Eddings said nothing at all about whether legally correct instructions can cure juror confusion about mitigating evidence. My colleagues in the majority implicitly acknowledge this when they summon their new rule from “shades of Eddings.”4 But Teague works in black and white, not shades, penumbras, nuances or emanations. As the Supreme Court explained in Sawyer: “Even were we to agree with petitioner’s assertion that our decisions in Lockett and Eddings inform, or even control or govern, the analysis of his claim, it does not follow that they compel the rule that petitioner seeks.” Sawyer v. Smith, 497 U.S. 227, 236, 110 S.Ct. 2822, 2828, 111 L.Ed.2d 193 (1990) (internal quotation marks omitted). Here, as in Sawyer, no state court “considering the defendant’s claim at the time his conviction became final would have felt compelled by existing precedent to conclude that the rule he seeks was required by the Constitution.” Caspari v. Bohlen, 510 U.S. 383, 390, 114 S.Ct. 948, 953-54, 127 L.Ed.2d 236 (1994) (emphasis added) (citation omitted). Because the trial judge did all that Eddings required him to do, the rule the majority announces is new and may not be applied on habeas.

. Neither McDowell nor the majority argues that the rule here falls within either of the two exceptions lo Teague.

. The key passage in Bollenbach, 326 U.S. at 612-13, 66 S.Ct. at 405, began by stating the obvious: "When a jury makes explicit its difficulties a trial judge should clear them away with concrete accuracy.” Bollenbach's holding, however, was not so abstract. The Court held that it was error to give a new instruction that was legally incorrect: "In any event, therefore, the trial judge had no business to he 'quite cursory’ in the circumstances in which the jury here asked for supplemental instruction. But he was not even 'cursorily’ accurate. He was simply wrong.” Bollenbach, 326 U.S. at 613, 66 S.Ct. at 405.
The instructions in United States v. Gordon, 844 F.2d 1397, 1401 (9th Cir.1988), United States v. Walker, 575 F.2d 209, 213-14 (9th Cir.1978), United States v. Bolden, 514 F.2d 1301, 1308-09 (D.C.Cir.1975), United States v. Petersen, 513 F.2d 1133, 1135-36 (9th Cir.1975) and Powell v. United States, 347 F.2d 156, 157-58 (9th Cir.1965) were all either misleading or nonrespon-sive.
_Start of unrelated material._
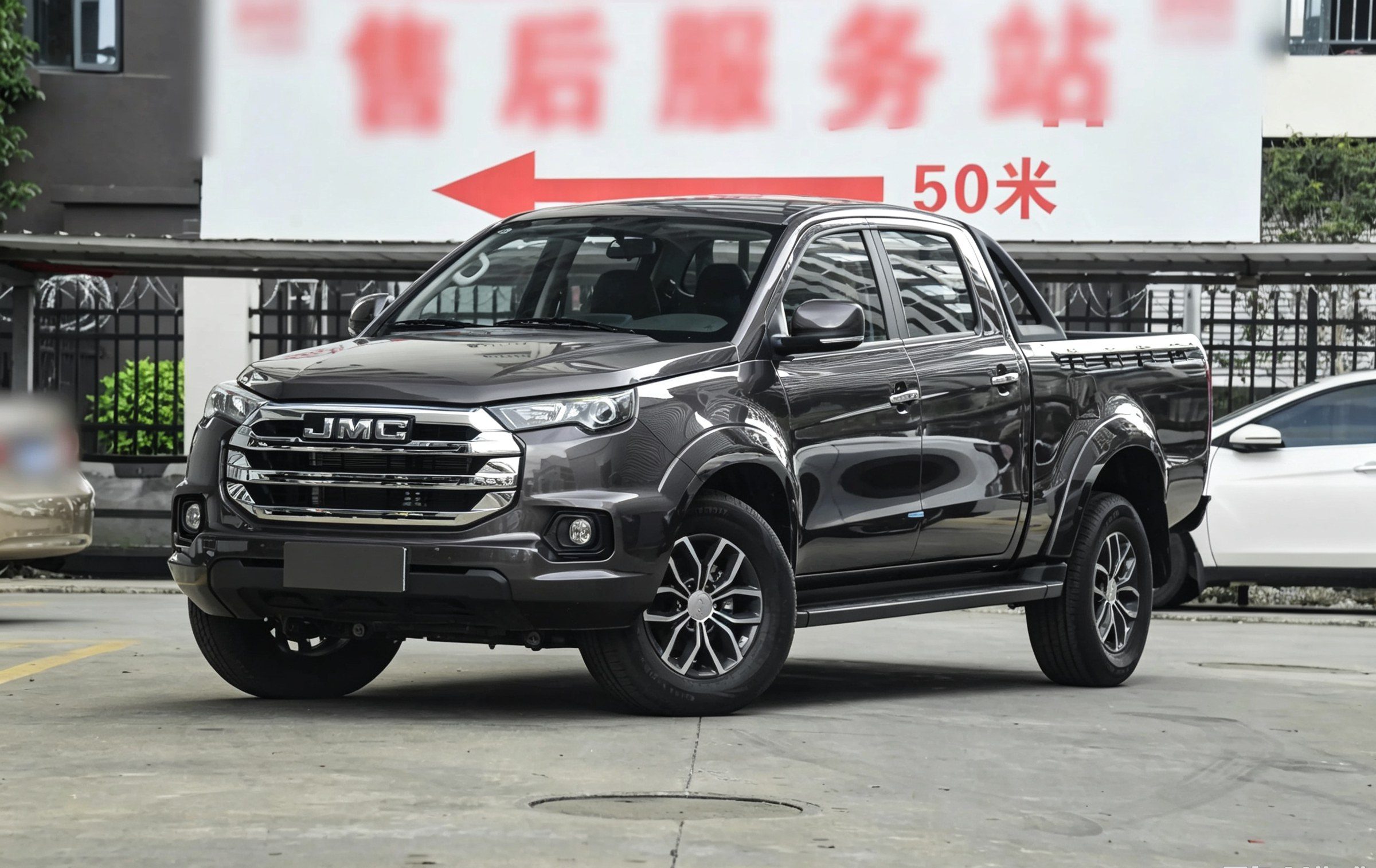 2023 Model 2.0T Automatic Diesel 4WD Comfort Long Wheelbase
See Gordon, 844 F.2d at 1401 (holding that supplemental instruction must respond to jurors’ question); Walker, 575 F.2d at 214 ("The problem is simply that the first supplemental instruction, when viewed in light of the jury’s first question, is confusing!.]”); Bolden, 514 F.2d at 1308 (holding that rereading instruction was nonresponsive because "the problems raised by question one were not resolved by the court’s further charge”); Petersen, 513 F.2d at 1135 (holding that supplemental instruction was "erroneous, misleading and contradictory”); Powell, 347 F.2d at 157-58 (holding that where question has two possible meanings, supplemental instruction which is responsive to one meaning but misleading as to the other is error). The last case on which the majority relies, United States v. Warren, 984 F.2d 325, 330 (9th Cir.1993), was decided after McDowell’s conviction became final and cannot enter the Teague analysis.

. The Supreme Court's later treatment of the case confirms that my colleagues are overreaching. For Teague purposes, the Court has explained, the rule of Eddings is simple: A state may not "impose! ] an absolute prohibition against consideration of certain mitigating evidence by the sentencer.” Sawyer v. Smith, 497 U.S. 227, 236, 110 S.Ct. 2822, 2828, 111 L.Ed.2d 193 (1990) (applying Teague).

. The majority notes that Eddings applied and confirmed principles of reliability in capital sentencing and holds that these principles dictate the result McDowell seeks. See maj. op. at 837-838. But the Supreme Court has squarely rejected this approach of framing the Teague inquiry at such a high level of abstraction: “In petitioner’s view, [the rule sought] was dictated by the principle of reliability in capital sentencing. But the test would be meaningless if applied at this level of generality.” Sawyer v. Smith, 497 U.S. 227, 236, 110 S.Ct. 2822, 2828, 111 L.Ed.2d 193 (1990).